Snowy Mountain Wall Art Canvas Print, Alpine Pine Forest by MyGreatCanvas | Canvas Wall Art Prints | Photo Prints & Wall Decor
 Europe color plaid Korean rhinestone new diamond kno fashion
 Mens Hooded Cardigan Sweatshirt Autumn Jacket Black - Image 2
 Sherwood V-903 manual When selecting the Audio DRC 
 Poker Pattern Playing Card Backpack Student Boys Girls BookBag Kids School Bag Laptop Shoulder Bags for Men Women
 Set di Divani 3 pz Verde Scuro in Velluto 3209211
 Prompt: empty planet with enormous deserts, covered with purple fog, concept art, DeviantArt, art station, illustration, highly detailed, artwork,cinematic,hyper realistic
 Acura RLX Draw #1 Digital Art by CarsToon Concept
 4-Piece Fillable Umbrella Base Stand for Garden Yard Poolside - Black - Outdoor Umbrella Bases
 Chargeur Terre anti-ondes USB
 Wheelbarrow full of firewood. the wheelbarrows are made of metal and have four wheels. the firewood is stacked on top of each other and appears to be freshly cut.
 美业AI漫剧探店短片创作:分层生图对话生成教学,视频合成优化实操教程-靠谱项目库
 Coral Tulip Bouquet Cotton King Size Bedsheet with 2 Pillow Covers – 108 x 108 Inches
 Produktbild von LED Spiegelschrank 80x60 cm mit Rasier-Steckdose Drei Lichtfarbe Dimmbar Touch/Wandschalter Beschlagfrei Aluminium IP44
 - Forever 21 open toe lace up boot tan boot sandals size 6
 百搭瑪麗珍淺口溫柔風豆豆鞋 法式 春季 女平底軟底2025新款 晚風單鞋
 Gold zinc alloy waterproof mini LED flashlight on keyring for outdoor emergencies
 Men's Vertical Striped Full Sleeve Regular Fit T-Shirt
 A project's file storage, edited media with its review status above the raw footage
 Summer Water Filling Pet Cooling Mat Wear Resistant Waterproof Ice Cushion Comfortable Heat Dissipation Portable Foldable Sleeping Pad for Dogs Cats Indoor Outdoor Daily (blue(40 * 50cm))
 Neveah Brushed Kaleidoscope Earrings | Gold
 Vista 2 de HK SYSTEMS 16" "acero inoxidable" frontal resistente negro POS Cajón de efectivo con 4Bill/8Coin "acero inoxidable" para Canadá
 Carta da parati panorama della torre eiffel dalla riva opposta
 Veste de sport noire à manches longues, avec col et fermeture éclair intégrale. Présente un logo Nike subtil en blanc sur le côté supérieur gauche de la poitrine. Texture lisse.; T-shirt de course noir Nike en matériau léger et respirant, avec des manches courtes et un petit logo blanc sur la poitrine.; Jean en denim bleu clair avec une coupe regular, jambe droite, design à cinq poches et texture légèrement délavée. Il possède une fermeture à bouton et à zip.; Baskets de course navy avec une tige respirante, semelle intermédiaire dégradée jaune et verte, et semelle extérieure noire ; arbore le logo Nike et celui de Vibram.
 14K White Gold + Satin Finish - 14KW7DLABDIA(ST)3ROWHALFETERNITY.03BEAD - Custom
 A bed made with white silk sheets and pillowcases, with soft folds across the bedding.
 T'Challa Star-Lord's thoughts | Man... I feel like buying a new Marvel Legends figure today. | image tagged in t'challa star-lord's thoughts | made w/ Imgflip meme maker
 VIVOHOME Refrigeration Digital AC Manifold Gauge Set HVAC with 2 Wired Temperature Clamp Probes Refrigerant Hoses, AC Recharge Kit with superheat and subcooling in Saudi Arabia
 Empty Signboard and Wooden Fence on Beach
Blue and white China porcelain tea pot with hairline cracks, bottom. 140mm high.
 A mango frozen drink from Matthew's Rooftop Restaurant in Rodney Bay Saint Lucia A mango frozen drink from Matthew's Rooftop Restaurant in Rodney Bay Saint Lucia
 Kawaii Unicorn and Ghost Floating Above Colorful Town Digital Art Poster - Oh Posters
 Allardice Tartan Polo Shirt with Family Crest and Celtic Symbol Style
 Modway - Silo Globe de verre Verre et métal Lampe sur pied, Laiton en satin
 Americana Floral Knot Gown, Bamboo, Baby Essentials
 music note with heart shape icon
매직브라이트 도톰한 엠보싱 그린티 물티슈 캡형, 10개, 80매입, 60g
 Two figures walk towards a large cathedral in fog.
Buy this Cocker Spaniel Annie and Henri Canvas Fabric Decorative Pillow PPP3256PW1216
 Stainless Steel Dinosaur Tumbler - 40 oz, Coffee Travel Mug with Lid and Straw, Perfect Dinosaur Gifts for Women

- _PROBLEM TO SOLVE_
Output the full listing again, exactly as it stands above.

- _TASK RESPONSE_
Snowy Mountain Wall Art Canvas Print, Alpine Pine Forest by MyGreatCanvas | Canvas Wall Art Prints | Photo Prints & Wall Decor
 Europe color plaid Korean rhinestone new diamond kno fashion
 Mens Hooded Cardigan Sweatshirt Autumn Jacket Black - Image 2
 Sherwood V-903 manual When selecting the Audio DRC 
 Poker Pattern Playing Card Backpack Student Boys Girls BookBag Kids School Bag Laptop Shoulder Bags for Men Women
 Set di Divani 3 pz Verde Scuro in Velluto 3209211
 Prompt: empty planet with enormous deserts, covered with purple fog, concept art, DeviantArt, art station, illustration, highly detailed, artwork,cinematic,hyper realistic
 Acura RLX Draw #1 Digital Art by CarsToon Concept
 4-Piece Fillable Umbrella Base Stand for Garden Yard Poolside - Black - Outdoor Umbrella Bases
 Chargeur Terre anti-ondes USB
 Wheelbarrow full of firewood. the wheelbarrows are made of metal and have four wheels. the firewood is stacked on top of each other and appears to be freshly cut.
 美业AI漫剧探店短片创作:分层生图对话生成教学,视频合成优化实操教程-靠谱项目库
 Coral Tulip Bouquet Cotton King Size Bedsheet with 2 Pillow Covers – 108 x 108 Inches
 Produktbild von LED Spiegelschrank 80x60 cm mit Rasier-Steckdose Drei Lichtfarbe Dimmbar Touch/Wandschalter Beschlagfrei Aluminium IP44
 - Forever 21 open toe lace up boot tan boot sandals size 6
 百搭瑪麗珍淺口溫柔風豆豆鞋 法式 春季 女平底軟底2025新款 晚風單鞋
 Gold zinc alloy waterproof mini LED flashlight on keyring for outdoor emergencies
 Men's Vertical Striped Full Sleeve Regular Fit T-Shirt
 A project's file storage, edited media with its review status above the raw footage
 Summer Water Filling Pet Cooling Mat Wear Resistant Waterproof Ice Cushion Comfortable Heat Dissipation Portable Foldable Sleeping Pad for Dogs Cats Indoor Outdoor Daily (blue(40 * 50cm))
 Neveah Brushed Kaleidoscope Earrings | Gold
 Vista 2 de HK SYSTEMS 16" "acero inoxidable" frontal resistente negro POS Cajón de efectivo con 4Bill/8Coin "acero inoxidable" para Canadá
 Carta da parati panorama della torre eiffel dalla riva opposta
 Veste de sport noire à manches longues, avec col et fermeture éclair intégrale. Présente un logo Nike subtil en blanc sur le côté supérieur gauche de la poitrine. Texture lisse.; T-shirt de course noir Nike en matériau léger et respirant, avec des manches courtes et un petit logo blanc sur la poitrine.; Jean en denim bleu clair avec une coupe regular, jambe droite, design à cinq poches et texture légèrement délavée. Il possède une fermeture à bouton et à zip.; Baskets de course navy avec une tige respirante, semelle intermédiaire dégradée jaune et verte, et semelle extérieure noire ; arbore le logo Nike et celui de Vibram.
 14K White Gold + Satin Finish - 14KW7DLABDIA(ST)3ROWHALFETERNITY.03BEAD - Custom
 A bed made with white silk sheets and pillowcases, with soft folds across the bedding.
 T'Challa Star-Lord's thoughts | Man... I feel like buying a new Marvel Legends figure today. | image tagged in t'challa star-lord's thoughts | made w/ Imgflip meme maker
 VIVOHOME Refrigeration Digital AC Manifold Gauge Set HVAC with 2 Wired Temperature Clamp Probes Refrigerant Hoses, AC Recharge Kit with superheat and subcooling in Saudi Arabia
 Empty Signboard and Wooden Fence on Beach
Blue and white China porcelain tea pot with hairline cracks, bottom. 140mm high.
 A mango frozen drink from Matthew's Rooftop Restaurant in Rodney Bay Saint Lucia A mango frozen drink from Matthew's Rooftop Restaurant in Rodney Bay Saint Lucia
 Kawaii Unicorn and Ghost Floating Above Colorful Town Digital Art Poster - Oh Posters
 Allardice Tartan Polo Shirt with Family Crest and Celtic Symbol Style
 Modway - Silo Globe de verre Verre et métal Lampe sur pied, Laiton en satin
 Americana Floral Knot Gown, Bamboo, Baby Essentials
 music note with heart shape icon
매직브라이트 도톰한 엠보싱 그린티 물티슈 캡형, 10개, 80매입, 60g
 Two figures walk towards a large cathedral in fog.
Buy this Cocker Spaniel Annie and Henri Canvas Fabric Decorative Pillow PPP3256PW1216
 Stainless Steel Dinosaur Tumbler - 40 oz, Coffee Travel Mug with Lid and Straw, Perfect Dinosaur Gifts for Women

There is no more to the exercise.